Thank you for a detailed reply. I'm trying to budget it but if I will need to ramp it up, well, I will.

So far, with @1stLove help we found BluePrint Engines 408CI Stroker (450hp) which is $7400.
TKX 5 speed as you mentioned $2800
subtotal $10200

I think I can't put anything from 289 to this one so, there will be need
  • ac (optional),
  • alternator
  • water pump
  • balancer
  • other pulleys
  • belts
  • bracket
  • bolts
  • gas pump
  • starter
I think I also will need
  • Flywheel
  • Flexplate
  • Single disk clutch
  • Hydraulic throw out bearing
  • Bell housing
  • Engine guard

what else?

ps there's probably cheaper solutions than this one but as long as I will list all the parts I need for this upgrade I will start to look for options.
 
#38 ·
Yes, but count on at least another $2000 for additional parts for the engine (intake, carb, filter, fuel lines, headers, engine mounts, water pump, ignition) and also $2000 for the transmission (clutch, clutch pedal and linkage of some kind, bell housing, drive shaft, shifter, transmission mount).

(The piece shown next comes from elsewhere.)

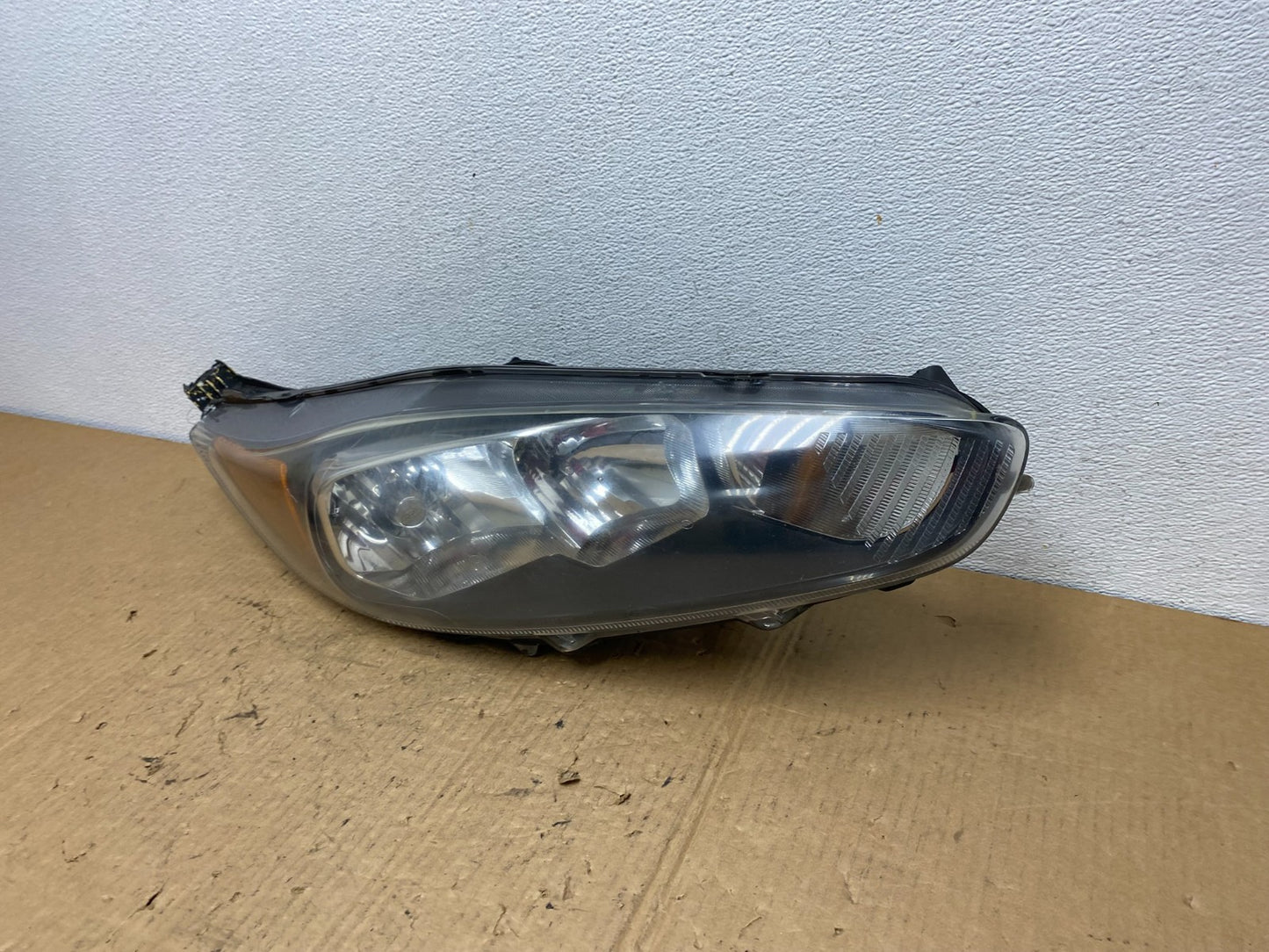 2014 to 2019 Ford Fiesta Right Passenger RH Halogen Headlight AC8139 DW1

Edit, my answer was to your post #35.
 
#39 ·
Great. Will add to the list and look for compatible items.
The moment when I will say- okay I got everything I need in my list, then I will play with brands, builders, and so on.
 
#45 ·
I was going to say something about the “math” and then decided to be nice.
There’s a lot of leeway on what people will drive and think is acceptable. I could see close to $100k being spent on this project……. easy.
That might fit some folks definition and then others will think that’s 50 grand too much.
I come from the camp of constantly seeing customers underspend or mix components (usually because they think they know best) and then they’re surprised it doesn’t “float their boat” and they put it up for sale.

ex-Global West GM
1991-1995
 
#51 · (Edited)
Still waiting for this one
Image


Initially purchased on June 2nd. Called them last week, they found out that they have this one in Nevada in stock but week passed by no movement lol.
The passenger door glass+assembly didn't come yet too ut it's no biggie so, just waiting for the driver side frame kit and ready to go.
Image


my office full of parts, need to bring them into garage but will do when all of it will be here

btw, if you are interested in conversion yourself, I put together a google sheet with part numbers
 
#49 ·
You right, WD did the trick. I swear it didn't feel like it's jammed so I was assuming there's something inside to pull.
I never drove anything older than 1993 and now got two old cars and have no idea what to do with them lol. At least 73 z28 is fully restored so it's no hassle but Mustang Fastback going to be my baby cute monster.
 
#52 ·
Fun build. Not terribly far from what I am doing. You don't need that fancy of a suspension but that will work.
 
#53 ·
With the power level you're looking to make with your engine, I would install subframe connectors. Back in the 1980's I had a mild low compression 351 Cleveland powered 70 fastback with an automatic that I drag raced a few times. I didn't have subframe connectors and wrinkled the roof of the car. Vintage Mustangs are unibody cars built cheaply and weren't designed to hold up to high performance drivetrains.
 
#56 ·
Your right lol.

Looking for options for about 3 days I think it can be achieved within 13-14 for sure, but if I will nail it in 12 that would be a great. Will see how it goes.